Required action =>
After locating the line with "New 2027 Ford" below, output it and each following line exactly, stopping after the line with "casa indipendente in". No pictures.

===== Material to process =====

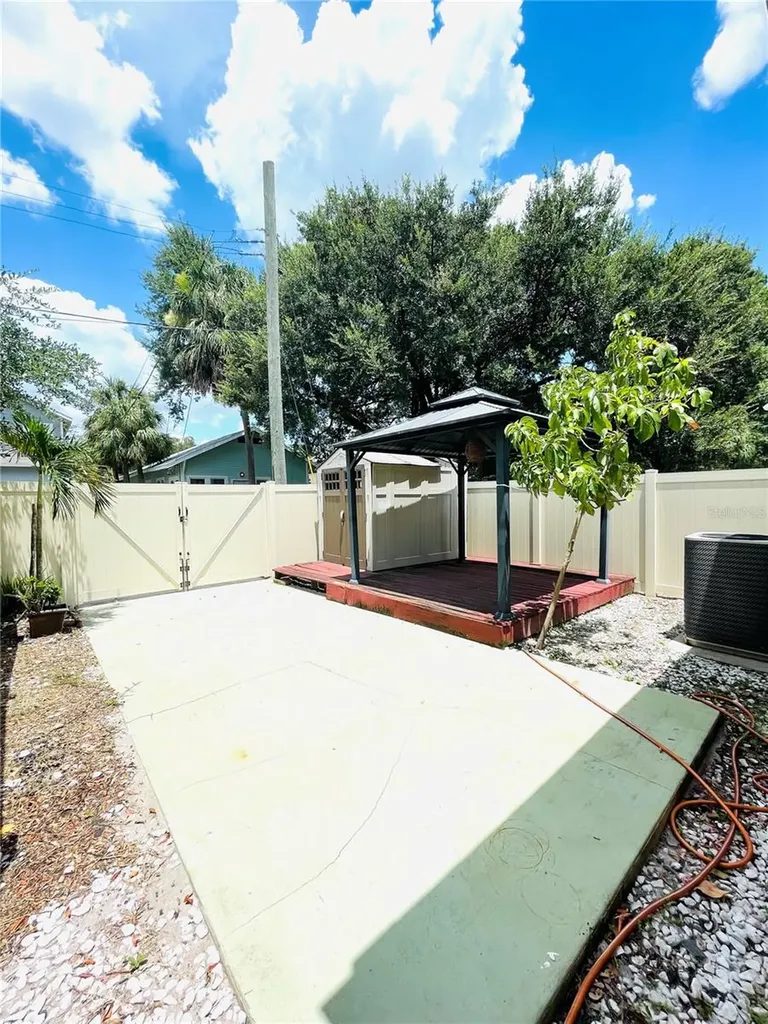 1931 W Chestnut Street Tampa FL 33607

=====
===== Material to process =====

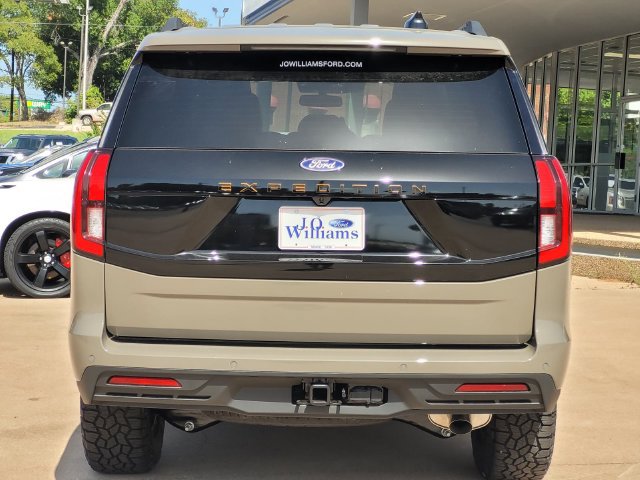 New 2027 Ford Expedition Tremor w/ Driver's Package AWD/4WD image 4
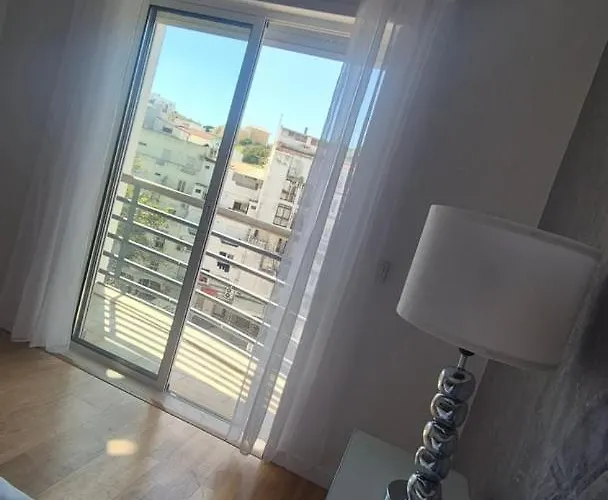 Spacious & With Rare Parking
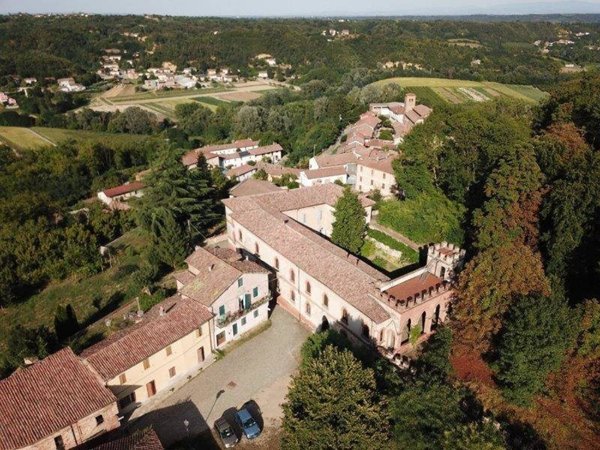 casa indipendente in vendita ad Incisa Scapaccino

=====

Response to this task =>
 New 2027 Ford Expedition Tremor w/ Driver's Package AWD/4WD image 4
 Spacious & With Rare Parking
 casa indipendente in vendita ad Incisa Scapaccino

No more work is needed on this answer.